For get the wana,” Uncle Tom relates, “we go cut the wire. Might be about four or five feet. So get a long handle, bend them in half then put them in one pipe and twist that thing, and then the ends, you get a fork. And you make one claw at that end. You go get the wana with that, so you no get poked. All improvise.

“I learned how to make the wana kind thing, to go box all the thorns off. Chicken wire. You can roll the wana inside there, back and forth, so the thorns get all bust off. Then you go get the wana.”

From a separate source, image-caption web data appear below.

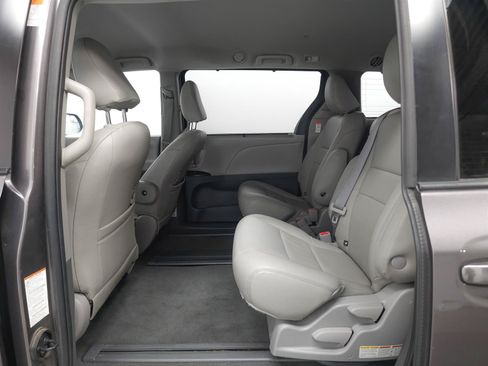 Used 2020 Toyota Sienna LE FWD image 5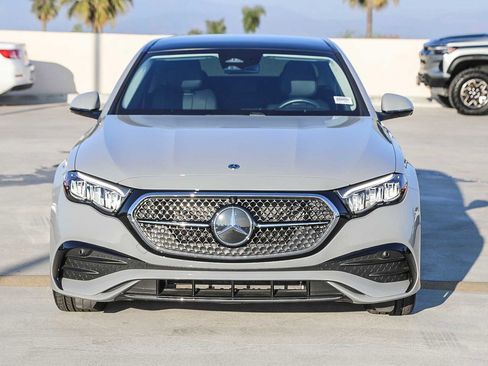 Used 2025 Mercedes-Benz E 350 Sedan image 2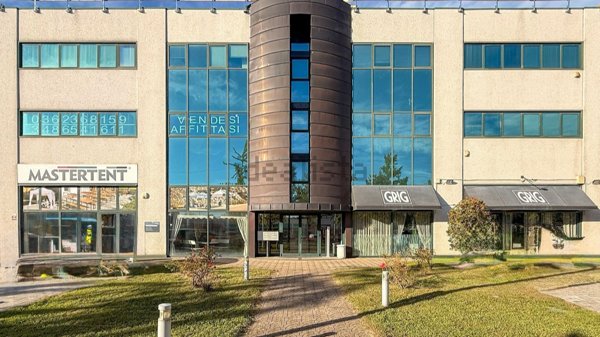ufficio in vendita a Nova Milanese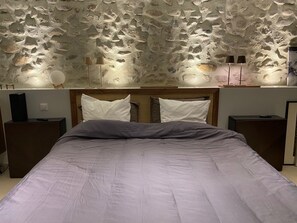 1 habitación, caja de seguridad en la habitación y cuna de viaje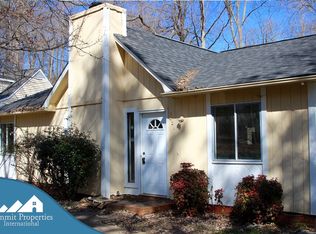 8421 Barncliff Rd, Charlotte, NC 28227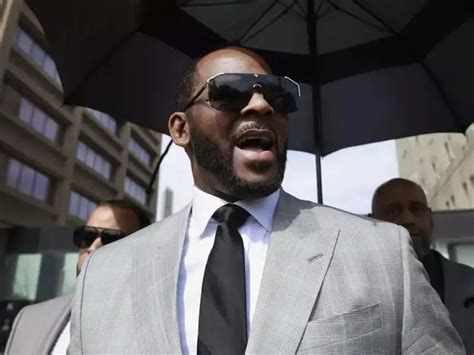 R. Kelly trial: Ex-girlfriend testifies singer's manager threatened to ...
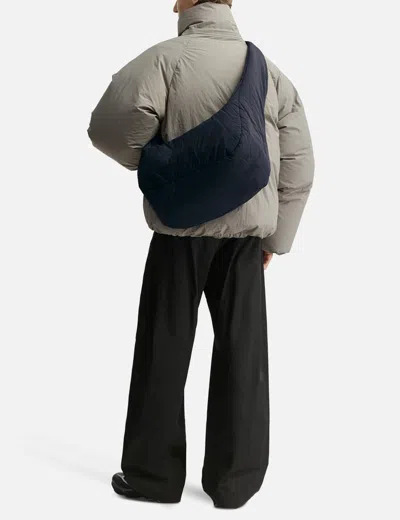 Seventh Lunar Sac In Black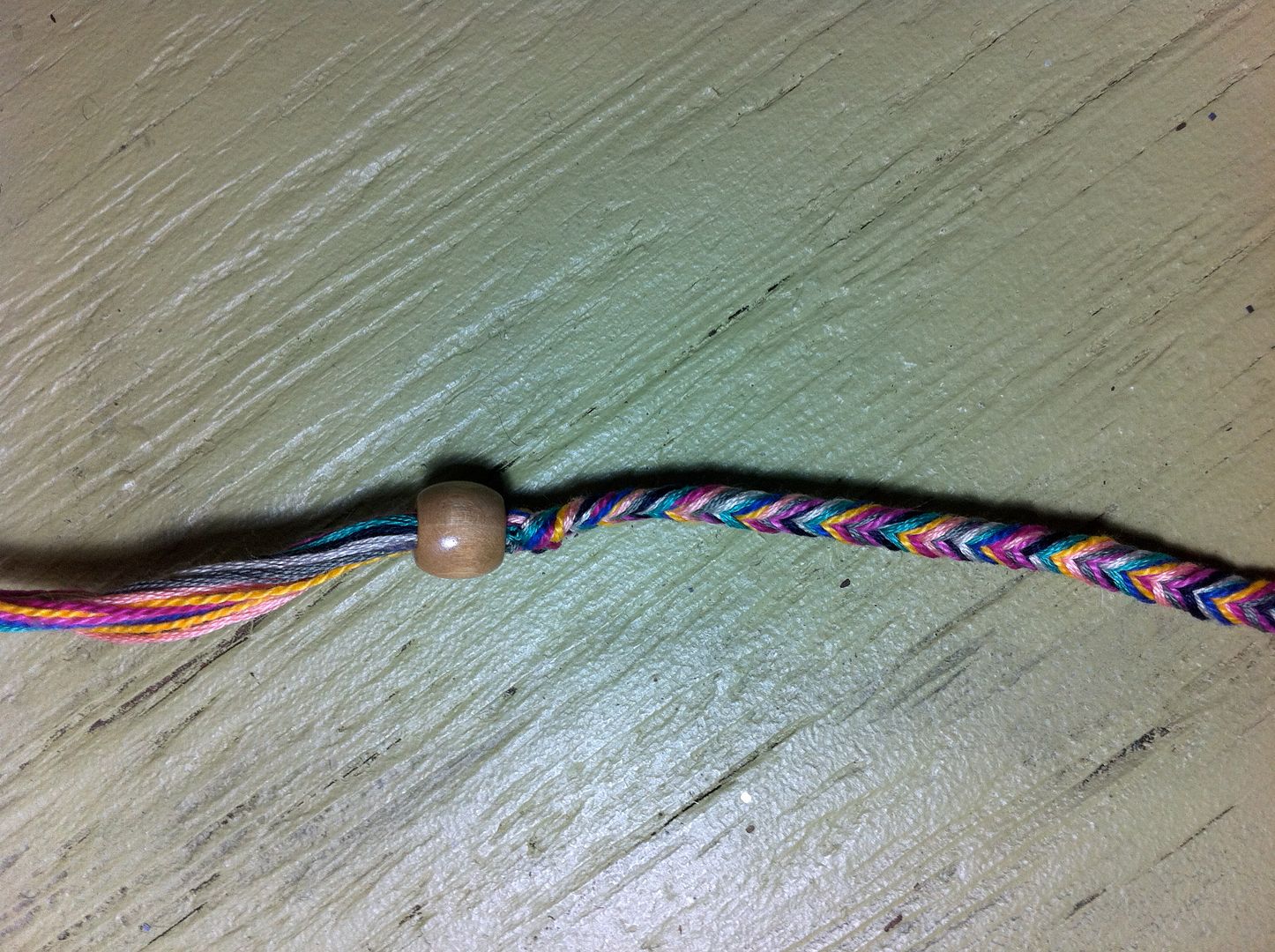 DIY FISHTAIL FRIENDSHIP (BRACELET)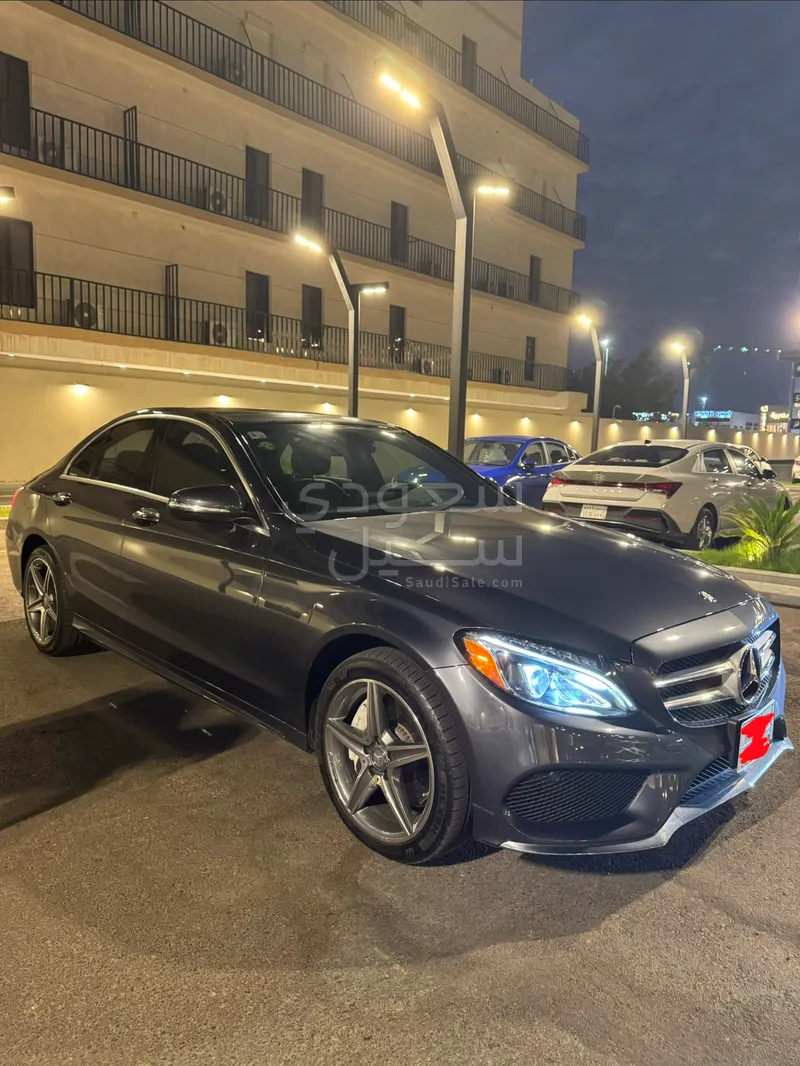 2015 مرسيدس - بنز سي 300 أي إم جي
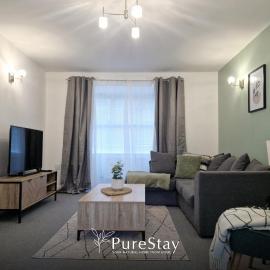 Superb & Beautiful Stourport Home with 7 Beds by PureStay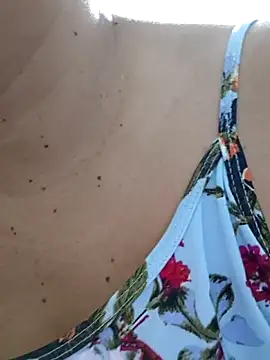 Sweetlorie_83: διαδικτυακό σόου στην κάμερα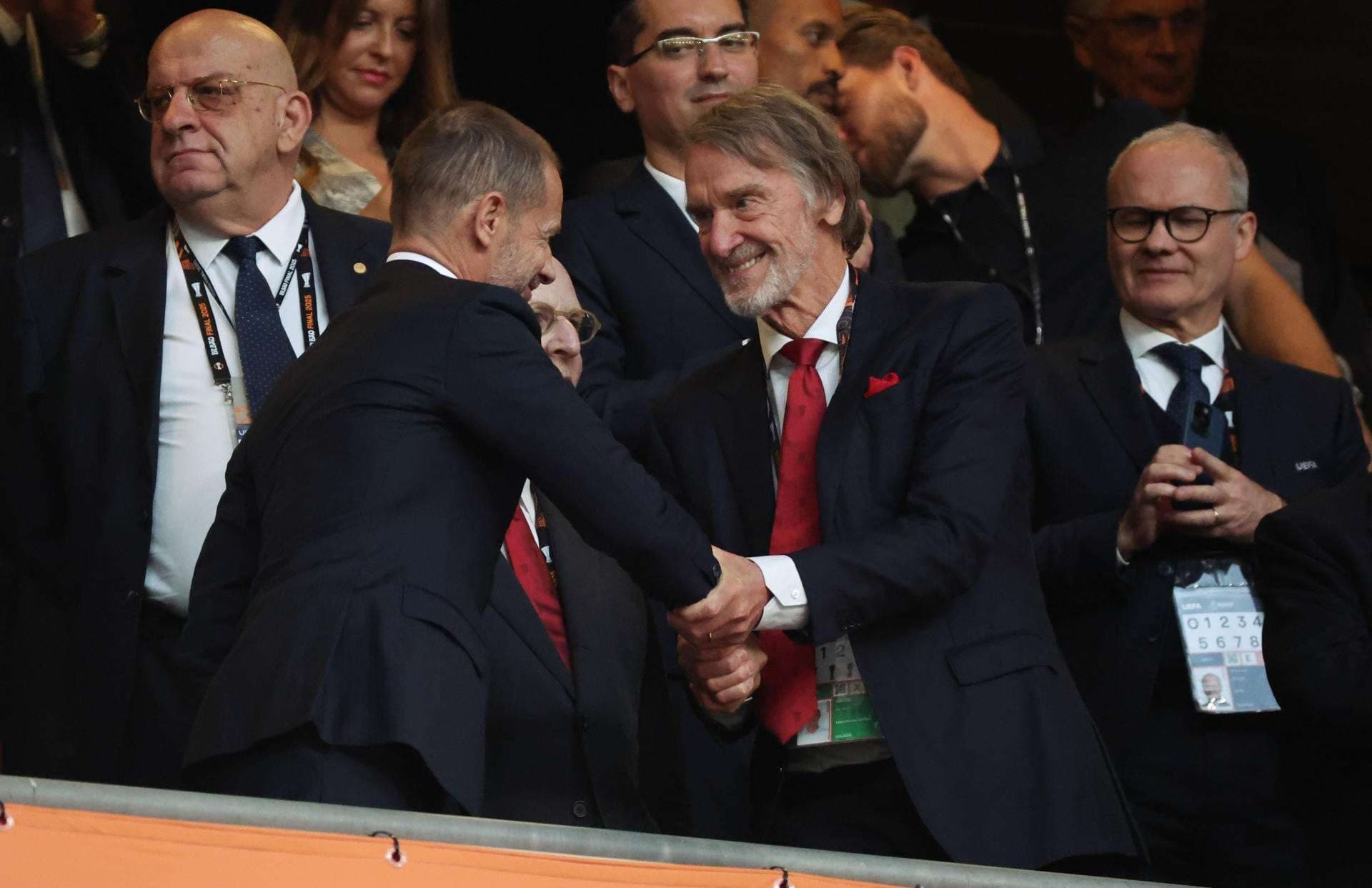 Fotografía de Luis Tejido, en la que puede verse en una imagen de archivo del 21 de mayo de 2025 al propietario del Manchester United Jim Ratcliffe (2d). EFE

“I wasn’t a big wana eater, Lahela admits. “But we used to get when we have to go maybe get some for eat, if we catch lobster. It’s a delicacy—the raw lobster and the meat you mix with the wana. My family loved that, but I wasn’t big on it. I’d eat some, I eat more fish than that, but I know how to go and gather. Right in front where Chipper guys, Paliaka, as you’re coming here there’s that reef come all the way out, you can actually walk outside, that’s where the wana is, and you can get some. I used to, when I ono, I just go up and go walk out with the kids and take them and then clean one outside there. I think that’s what they’re trying to also bring back right now. I think there’s so much you only can get maybe four or something like that, per person.”

Ula and Kūhonu:

We did lobster catching, Lahela continues. “My brother guys was incredible, they taught us how to get lobster. I wasn’t the one to grab it. They used to dive in the holes and I used to hold the bag open. I didn’t eat them raw until I was a little older, not in my high school, even when I came out of school.


Several spiny lobsters and one slipper lobster, back left. Guy Holt photo.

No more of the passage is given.